Problem details => Once you find the line with "Converted Store Front" in the listing below, please repeat it and every later line exactly, through the last one, without pictures.

+++ Data listing

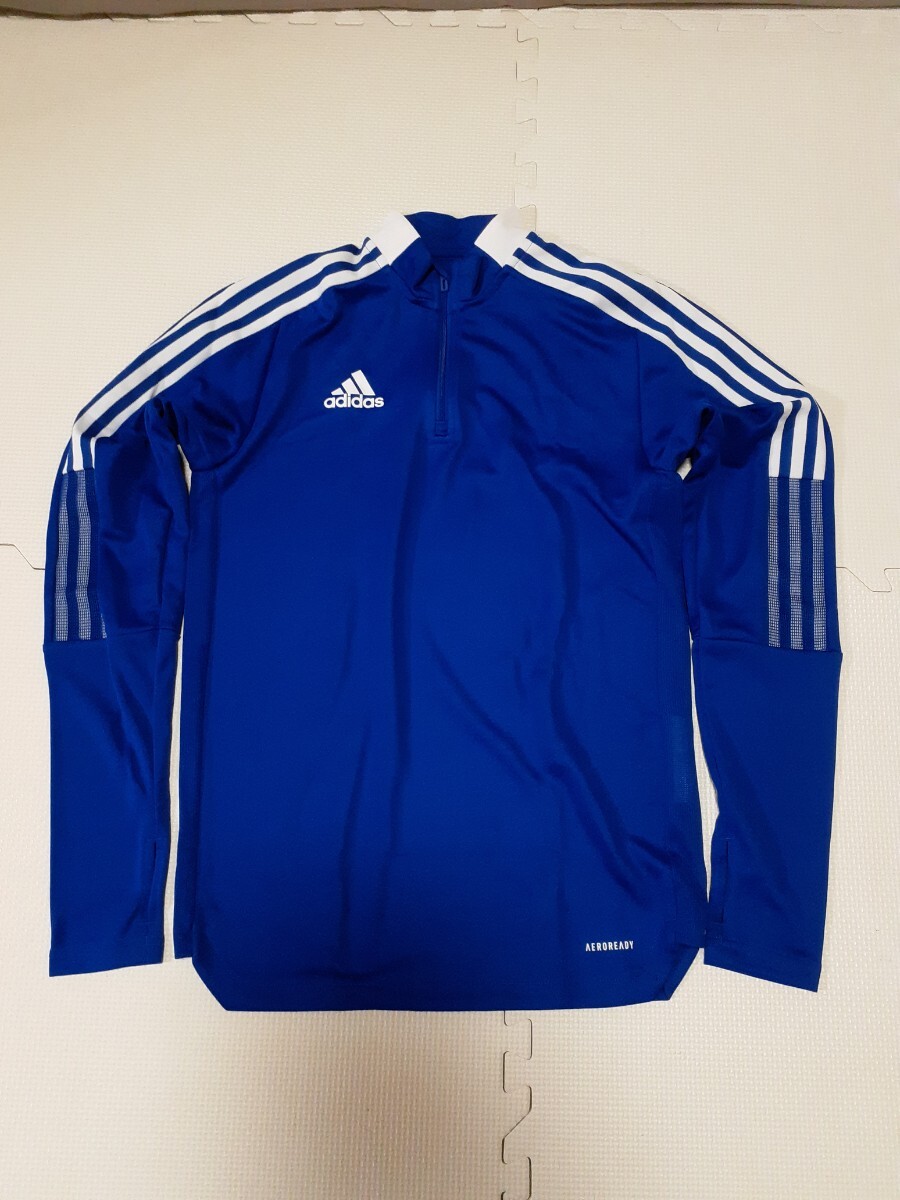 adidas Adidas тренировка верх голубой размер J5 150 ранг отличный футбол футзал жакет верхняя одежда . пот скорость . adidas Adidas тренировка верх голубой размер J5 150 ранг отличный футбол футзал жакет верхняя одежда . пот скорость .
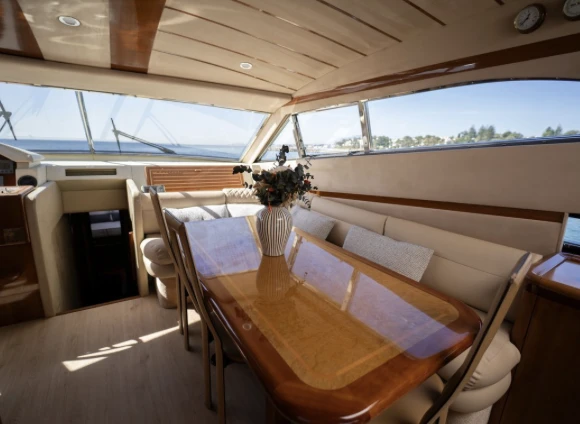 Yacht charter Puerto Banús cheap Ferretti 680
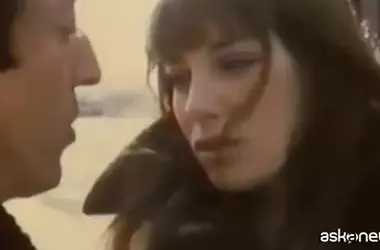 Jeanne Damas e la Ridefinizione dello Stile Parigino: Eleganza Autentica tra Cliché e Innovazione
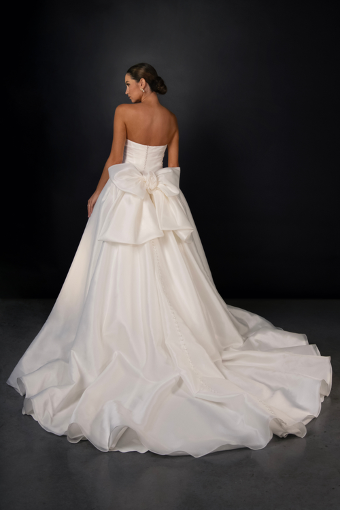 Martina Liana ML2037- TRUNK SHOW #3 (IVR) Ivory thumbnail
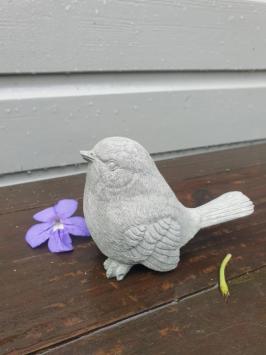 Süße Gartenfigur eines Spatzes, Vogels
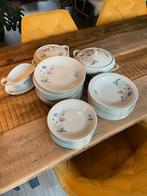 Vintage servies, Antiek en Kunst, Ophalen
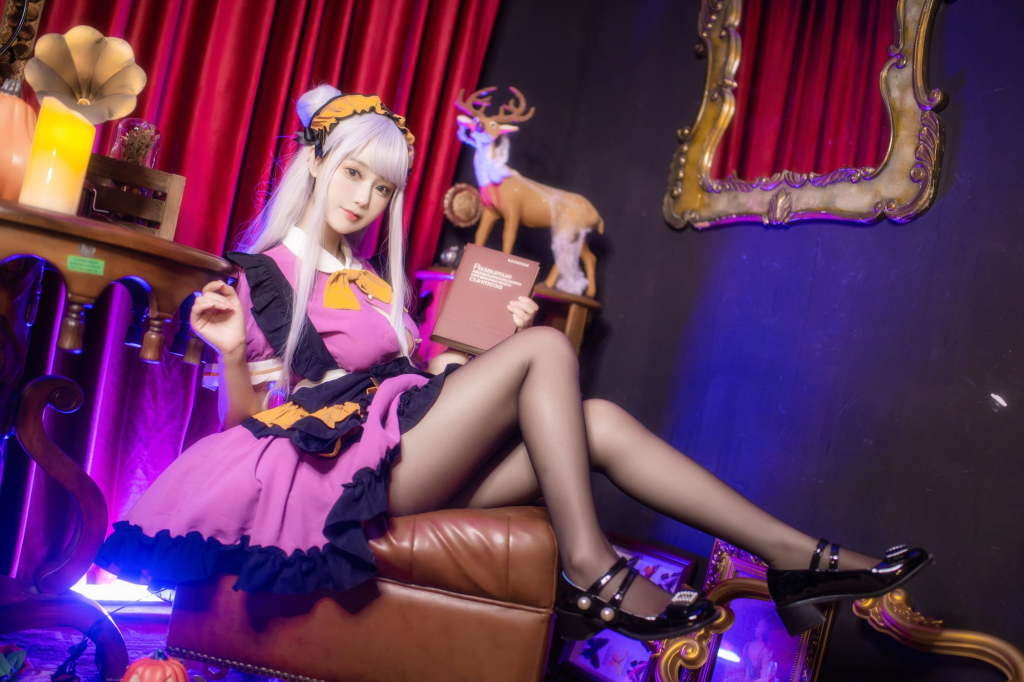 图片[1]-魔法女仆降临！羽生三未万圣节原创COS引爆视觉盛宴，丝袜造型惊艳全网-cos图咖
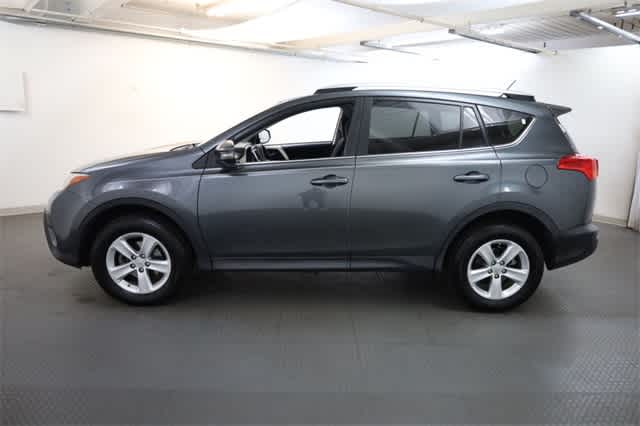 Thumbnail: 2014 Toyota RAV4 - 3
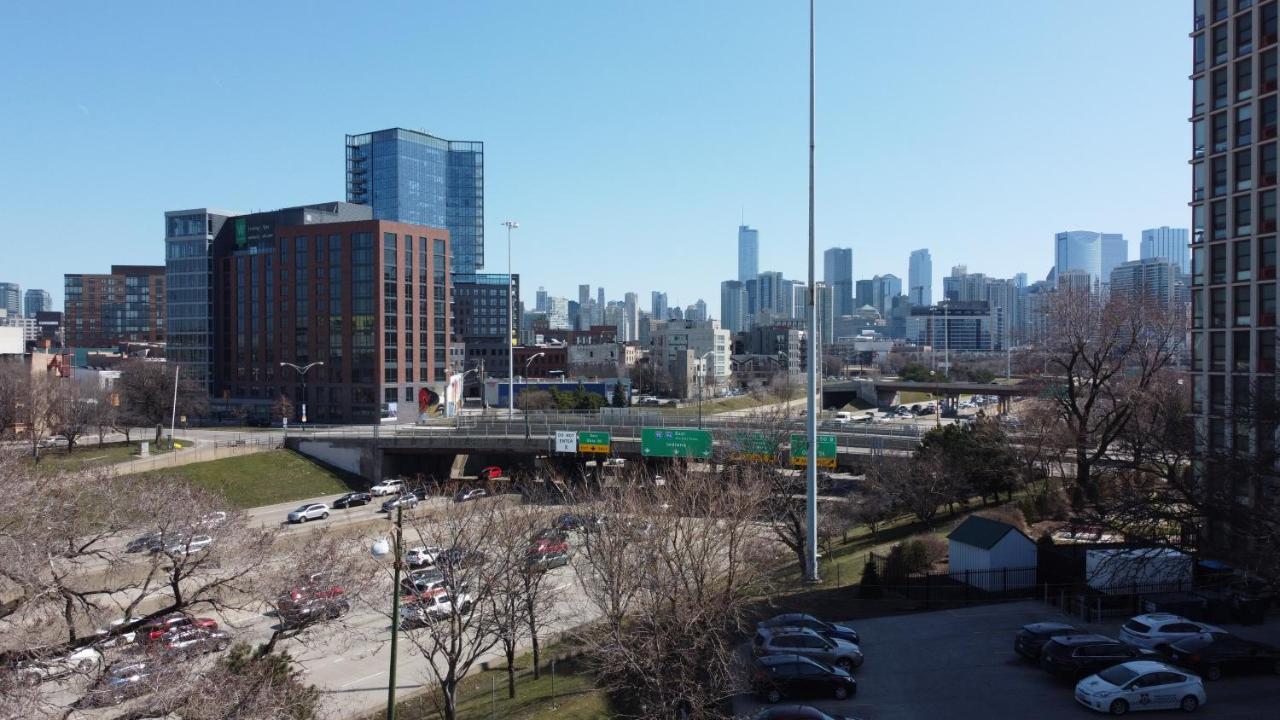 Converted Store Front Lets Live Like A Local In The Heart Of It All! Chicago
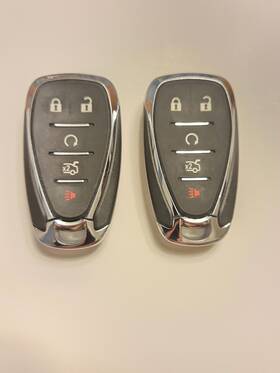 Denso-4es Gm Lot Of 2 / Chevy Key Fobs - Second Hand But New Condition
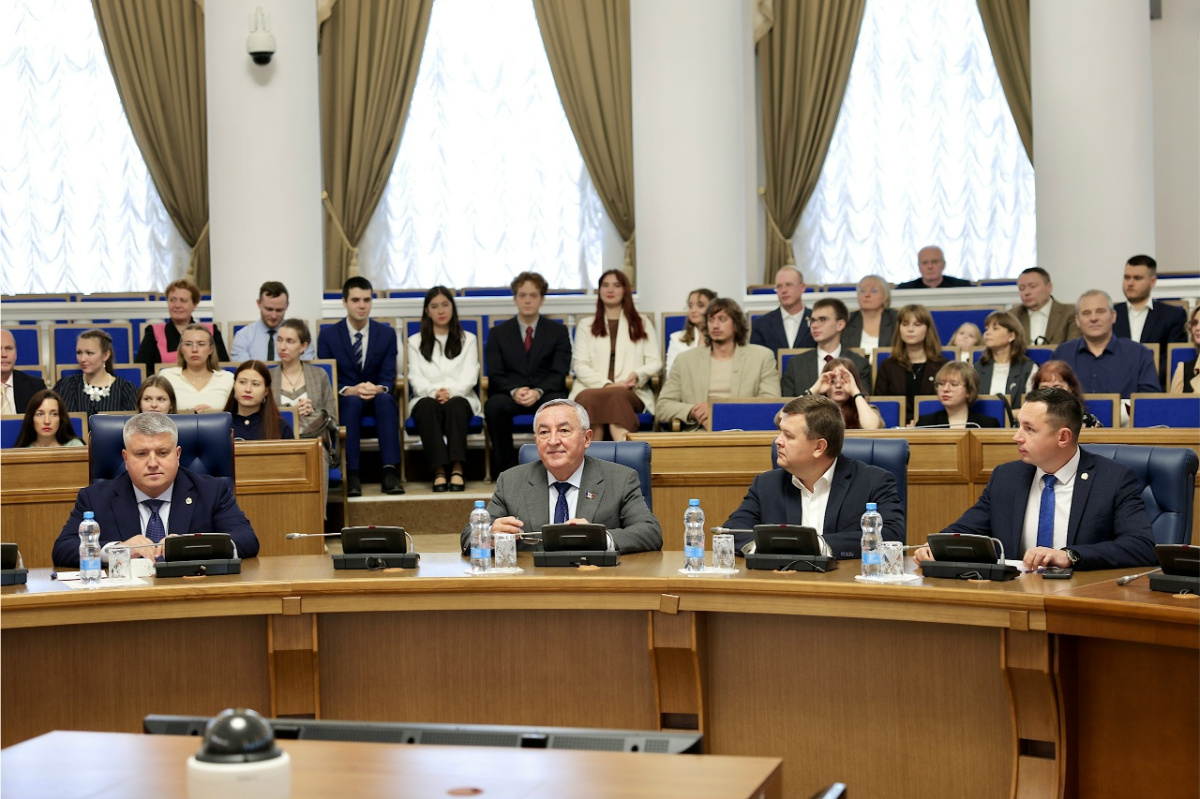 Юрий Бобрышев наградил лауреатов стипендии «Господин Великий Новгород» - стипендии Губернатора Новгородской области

++++++

Solution to this problem =>
 Converted Store Front Lets Live Like A Local In The Heart Of It All! Chicago
 Denso-4es Gm Lot Of 2 / Chevy Key Fobs - Second Hand But New Condition
 Юрий Бобрышев наградил лауреатов стипендии «Господин Великий Новгород» - стипендии Губернатора Новгородской области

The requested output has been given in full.